The payroll tax "help" might not be so helpful to both employers and employees alike
On August 8, 2020, President Trump issued a Presidential Memorandum (the “Memo”) directing the Secretary of the Treasury to use his authority pursuant to section 7508A of the Internal Revenue Code (Code) to defer the withholding, deposit, and payment of certain payroll tax obligations (the deferral applies to the employee's portion of Social Security taxes). Under the Memo, the payroll tax deferral applies to individuals (but not sole proprietors and those who pay self-employment tax) with wages that are less than a bi-weekly threshold of $4,000.
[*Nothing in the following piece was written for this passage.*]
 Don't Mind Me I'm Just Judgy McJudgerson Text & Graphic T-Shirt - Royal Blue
Administrative issue. Note that the employer must calculate this dollar threshold each pay period. This could tax the employer’s HR and payroll department’s in having to administer the $4,000 threshold.
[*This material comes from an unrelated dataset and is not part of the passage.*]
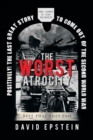 The Worst Atrocity : Best That They Fail - Book
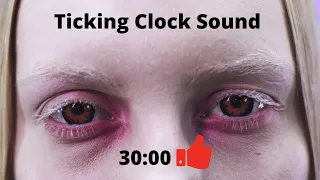 Ticking clock sound 30 minutes - with girl eyes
Note that the deferral of payroll tax relates only to the 6.2% OASDI (old-age survivor and disability insurance) tax, which is capped to $137,700 of wages received in 2020. The deferral does not apply to the 1.45% Medicare tax and which tax is assessed even on wages exceeding $137,700 (increased to 2.35% on wages above $200,000).
Friday, August 28, the Treasury Department issued Notice 2020-65, the long awaited guidance (the “Notice”). The Notice permits employers not to withhold payroll taxes for the period starting September 1, 2020 and ending December 31, 2020 extending the deadline to withhold and remit such payroll taxes prior to April 30, 2021. In addition, the Notice clarifies that employers are responsible for withholding and paying back any deferred taxes. (However, the Notice also provides, "if necessary, the Affected Taxpayer [the employer] may make arrangements to otherwise collect the total Applicable Taxes from the employee."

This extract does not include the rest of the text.